Asymmetric Certified Robustness via Feature-Convex Neural Networks

This code accompanies our paper:

Asymmetric Certified Robustness via Feature-Convex Neural Networks
Samuel Pfrommer*, Brendon G. Anderson*, Julien Piet, Somayeh Sojoudi
37th Conference on Neural Information Processing Systems (NeurIPS 2023).

Installation

This code has been tested on Python 3.7.5 and Python 3.10.12. It is easiest to reproduce using virtualenvwrapper. After creating the virtual environment, simply run bash setup.sh, which will install the required packages. In case of changes breaking backwards compatability, exact package versions that should work are recorded in requirements_freeze.txt.
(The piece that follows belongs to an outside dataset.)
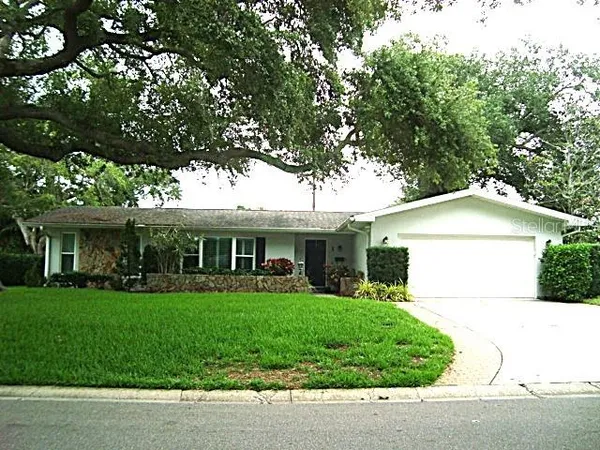 $3,200 | 1 Eastwood Lane, Belleair, FL 33756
Reproducing the convex combination experiments in Appendix C requires a working MOSEK install and license as documented here -- this license is freely available for academic researchers.

Key implementations

The base class for all convexly certified methods lies in convexrobust/model/convex_certifiable.py, with specific subclass instantiations lying in convexrobust/model/insts/convex.py. The file convexrobust/model/modules.py contains implementations of ICNN MLPs and convnets.

Execution

To reproduce the main experiments of the paper, cd to the convexrobust/main directory and run python main.py --data=mnist_38 --train, where the data option is one of mnist_38, fashion_mnist_shirts, malimg, or cifar10_catsdogs. The figure papers can then be produced with python plot.py --data=mnist_38 --labels=mnist_38_paper (change accordingly) and should lie in convexrobust/main/figs/.

To reproduce the convex combination experiments, enter the scripts/misc directory and execute reconstruction_main.py and reconstruction_plot.py. The same directory also contains the malimg multiclass experiments and the mnist sweep experiments from the Appendix.

For convenience, scripts/misc/simple_example.py contains a minimal script to train and certify a convex network.

Running linf-distance nets

To compare against $\ell_{\infty}$-distance nets, first activate your virtual environment. Then ensure that the CUDA_HOME environment variable is set to your cuda install, and run the following:

cd lib/linf_dist
python setup.py install --user
pip install -e .

Note that by default the $\ell_{\infty}$-distance net comparisons are commented out in main.py.

Running abCROWN

After running the above, we can execute the $\alpha,\beta$-CROWN verifier, which runs separately. First, install as follows into a separate conda environment:

cd lib/alpha-beta-CROWN
conda env create -f complete_verifier/environment.yml --name alpha-beta-crown
conda activate alpha-beta-crown
conda develop .
cd ../..
bash setup_abcrown.sh

Note that we need to run a different setup script to be compatible with the alpha-beta-CROWN package versions.

After the $\alpha,\beta$-CROWN install has finished, simply run bash scripts/abcrown/xxx.sh from the root directory. The certified will be populated automatically into the appropriate results file. Replotting should then show the abCROWN certified accuracy curve.